DATES: On March 13, 2012, the Coast Guard denied the December 9, 2010 
petition to amend 46 CFR 67.177.

ADDRESSES: Comments and material received from the public, as well as 
documents mentioned in this document as being available in the docket, 
are part of docket USCG-2010-1124 and are available for inspection or 
copying at the Docket Management Facility (M-30), U.S. Department of 
Transportation, West Building Ground Floor, Room W12-140, 1200 New 
Jersey Avenue SE., Washington, DC 20590, between 9 a.m. and 5 p.m., 
Monday through Friday, except Federal holidays.

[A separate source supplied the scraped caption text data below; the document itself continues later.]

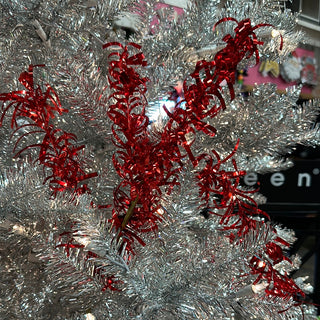 Red Metallic Tinsel Spray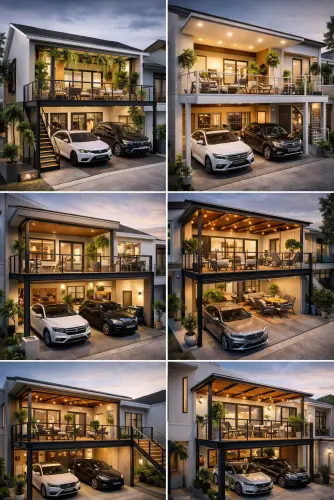 Mezannine Teras Rumah Keren di Harapan Indah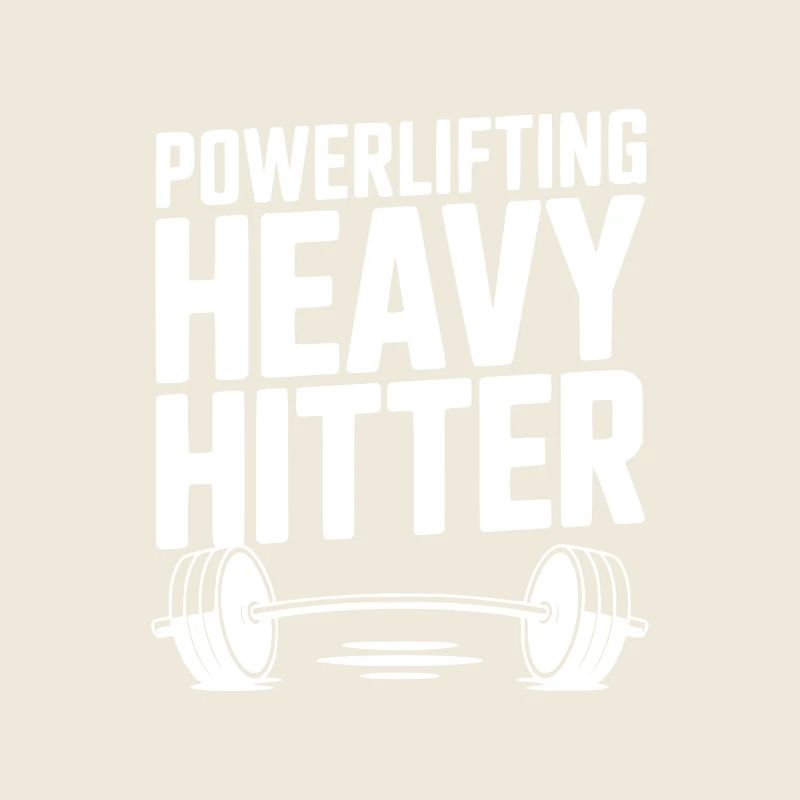Powerlifting schwerer Schlagmann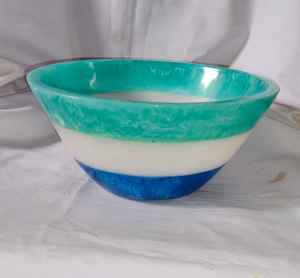 Top Selling Handmade <b>Polished</b> Melamine Luxury Eco-Friendly Wedding Salad Bowls 5-Piece Set - Product Image 2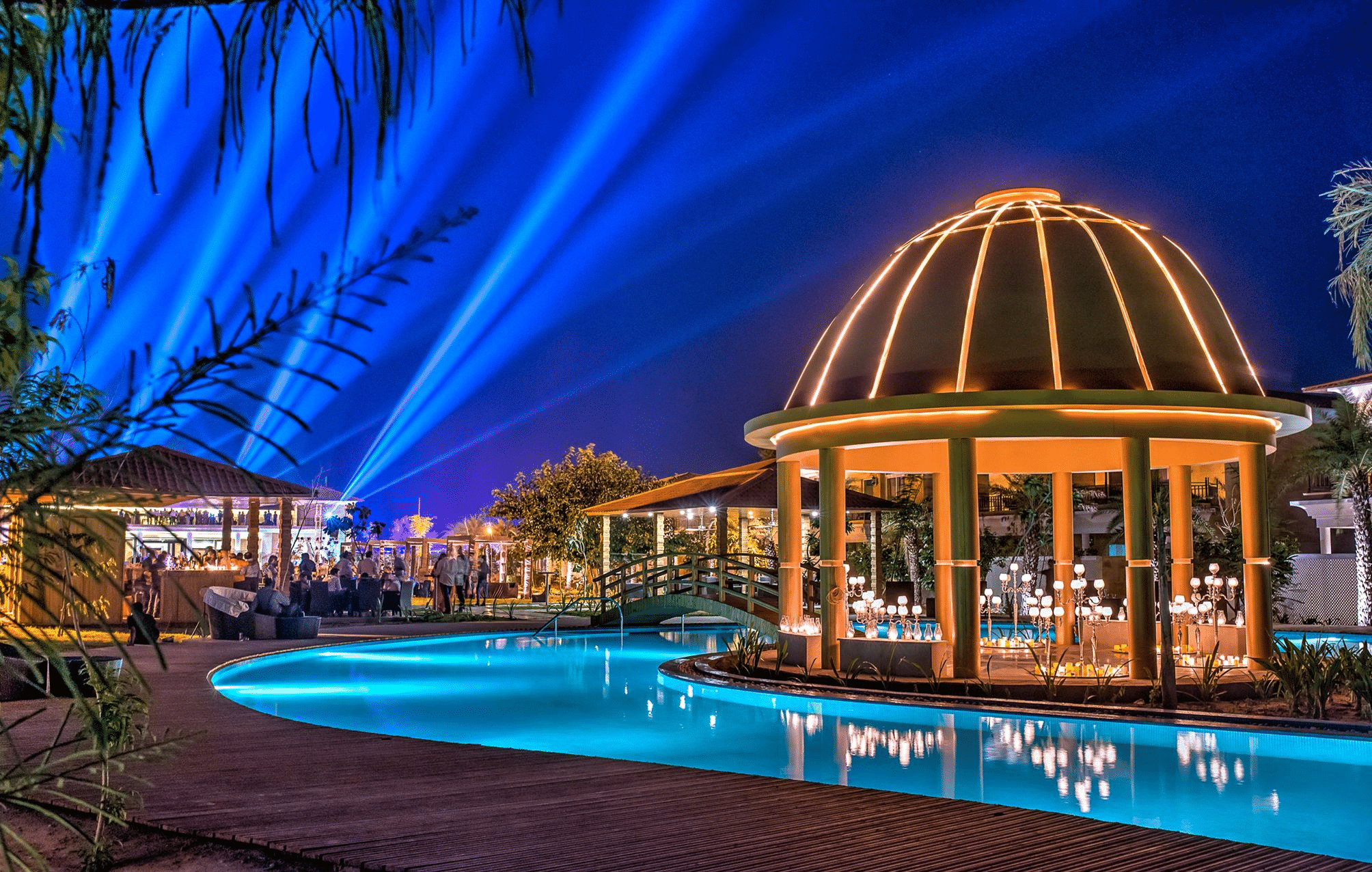 Aerial view of The Westin Pushkar Resort & Spa from the front side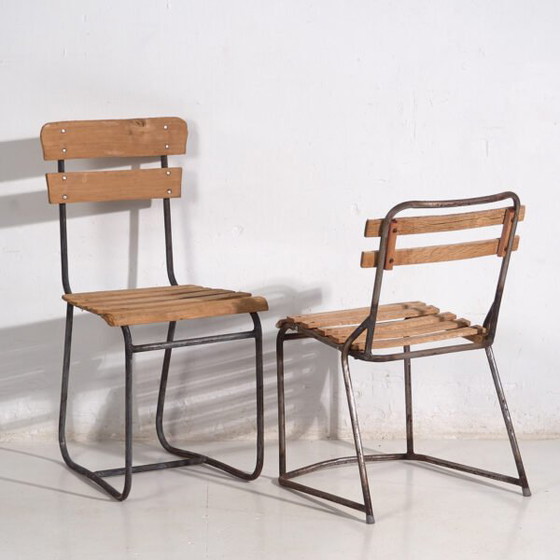 Antieke Tuinstoelen (ca.1920). Set van 2 stuks #1 – Iron, Rustic (photo 12 of 40)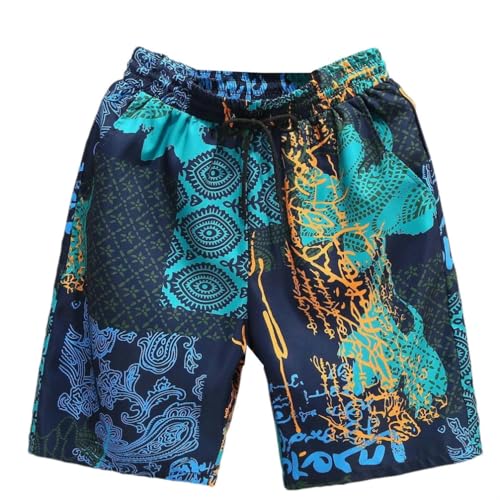 Short de plage pour homme style hip hop avec coupe ample et légère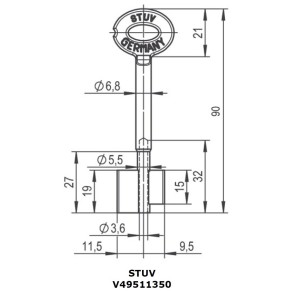 Doppelbartrohling - STUV V49511350
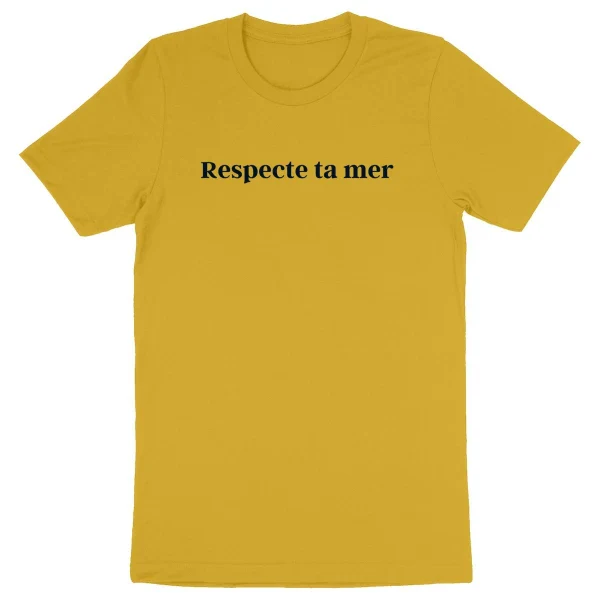 T-shirt homme en coton bio - Respecte ta mer - Image 28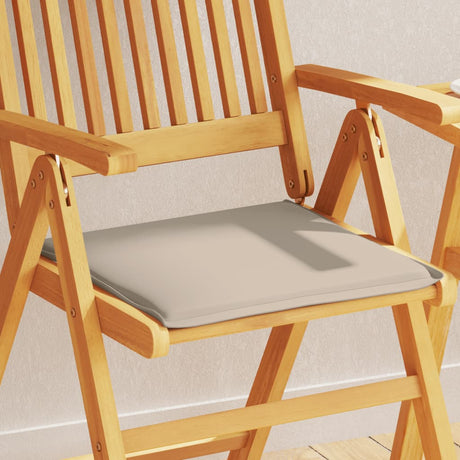 Vidaxx coussins de siège de jardin 4 pcs carré 45x45x2 cm taupe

You may also find this 
docket online by going to http:[sol][sol]www.regulations.gov, inserting 
USCG-2010-1124 in the ``Keyword'' box, and then clicking ``Search.''

FOR FURTHER INFORMATION CONTACT: If you have questions on this 
document, call or email Lieutenant Commander Erin Ledford, Executive 
Secretary, Maritime Safety and Security Council, U.S. Coast Guard; 
telephone 202-372-3857, email Erin.H.Ledford@uscg.mil. If you have 
questions on viewing material in the docket, call Renee V. Wright, 
Program Manager, Docket Operations, telephone 202-366-9826.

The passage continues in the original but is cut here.